Pereiaslav-Khmel’nitskii is first mentioned in the treaty of 911 between Rus’ and Byzantium as Pereiaslav-Russkii. In 992, Prince Vladimir Sviatoslavich built a fortress here. As a border city of the Kievan state, Pereiaslav played an important role in the struggle against the Polovtsians. In the second half of the 11th century, it became the capital of the Pereiaslav Principality and in 1239 it was destroyed by the Mongol Tatars. From the second half of the 16th century, the Pereiaslav regiment was stationed in the city. From 1648 to 1654, Pereiaslav was one of the centers of the Ukrainian people’s national-liberation struggle under the leadership of B. Khmel’nitskii; it was the site of the Pereiaslav Rada (Council) of 1654. In the 18th and 19th centuries the city was an important handicraft and trade center. Soviet power was established in the second half of December 1917. In March 1918, Pereiaslav was occupied by Austro-German troops, detachments of the Ukrainian Directory, and the army led by Denikin. On Dec. 15, 1919, it was liberated by the Red Army. During the Great Patriotic War (1941–45), it was occupied by fascist German troops from Sept. 17, 1941, until it was liberated by the Soviet army on Sept. 22, 1943.

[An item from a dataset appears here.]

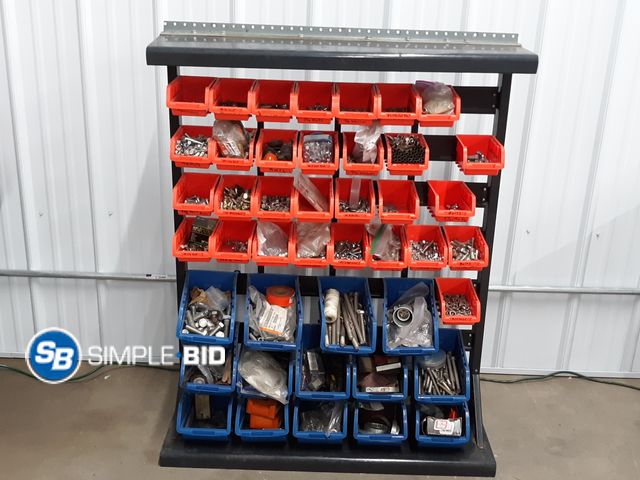 Lot 58-33813 - Metal Rack with Lots of Plastic Storage Bins and Misc Parts and Pieces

Pereiaslav-Khmel’nitskii has a cheese plant, a fruit cannery, a brickyard, and an essential-oil sovkhoz-plant. It has light-industry enterprises, including a garment factory, a factory producing art objects, and a branch of the Kiev Footwear Production Association. It also has a pedagogical school.
Excavations begun in 1945 have uncovered the remains of 11th- and 12th-century buildings, including an episcopal palace, the Church of St. Michael (constructed in 1089, destroyed by an earthquake in 1230), small churches decorated with frescoes and mosaics, and semisubterranean dwellings with ovens. Archaeologists have studied a late tenth-century earthen wall inlaid with bricks of sun-dried clay that surrounded a citadel and an adjacent merchants’ and artisans’ quarter. They have found fragments of earthenware; various objects of stone, bone, iron, and bronze, including a candlestick and chandelier with prickets; fragments of ceramic water pipes; and other items from the 11th and 12th centuries and later. In a small, early 11th-century building that was both burial vault and church, crypts and slate sarcophagi have been discovered.
Several monasteries have been preserved, including the Mi-khailovskii Monastery (cathedral, 1646–66) and the Voznesen-skii Monastery (cathedral, 1695–1700; school, 18th century). In the 1950’s the city’s center was reconstructed according to plans drawn up in 1953–54 by O. M. Grishchenko, I. L. Dabagian, and other architects. In 1974 approval was given to a general plan for the reconstruction and further development of the historical city, and boundaries were defined for those areas designated as historical-architectural preserves (architects included V. G. Maevskaia and I. S. Sinitskii). There is a monument honoring the 300th anniversary of the Ukraine’s unification with Russia in the city (bronze and granite, 1954; sculptors included V. P. Vinaikin; architect V. G. Gnezdilov).
The city has a historical museum, the G. S. Skovoroda Memorial Museum, and the Museum of Folk Architecture and Culture.